Work request
What is needed is the full listing written out exactly, minus the pictures.

+++ Dataset excerpt +++

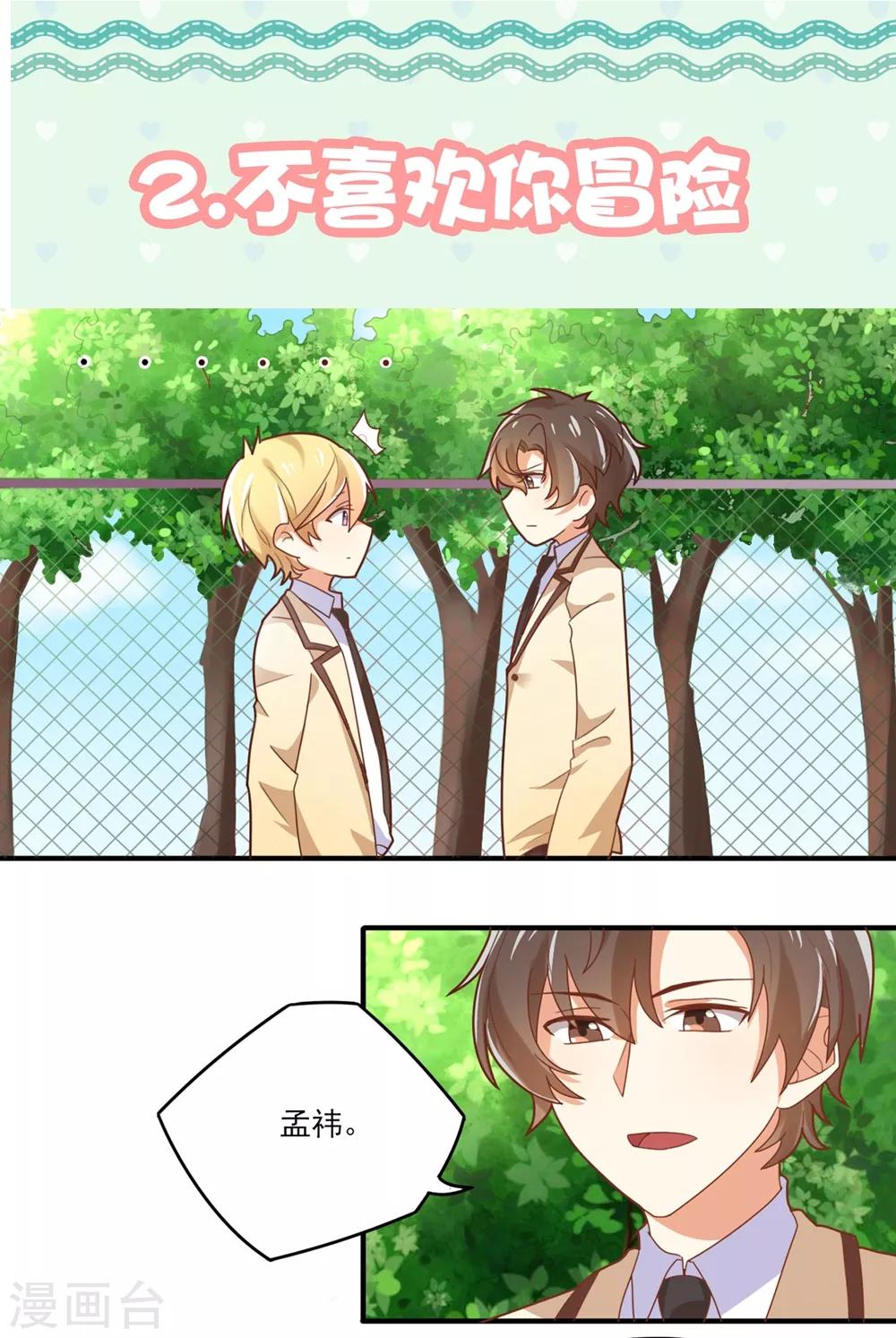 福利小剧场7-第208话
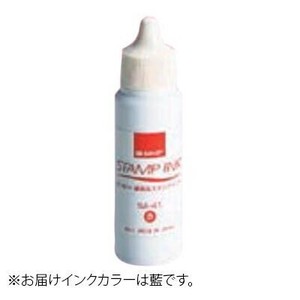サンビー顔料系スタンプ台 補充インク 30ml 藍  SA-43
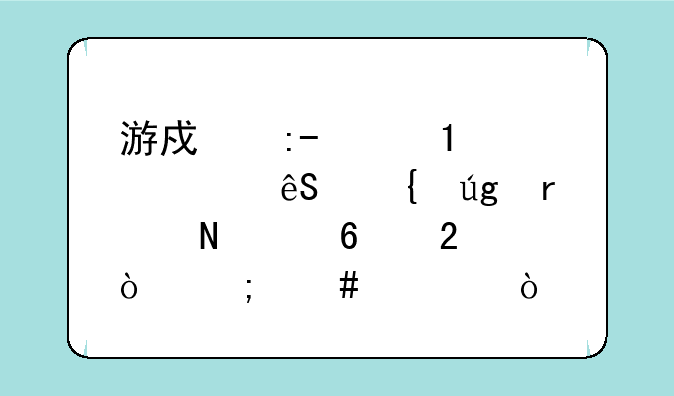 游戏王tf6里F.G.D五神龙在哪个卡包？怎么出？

+++

Solution for this exercise
 福利小剧场7-第208话
サンビー顔料系スタンプ台 補充インク 30ml 藍  SA-43
 游戏王tf6里F.G.D五神龙在哪个卡包？怎么出？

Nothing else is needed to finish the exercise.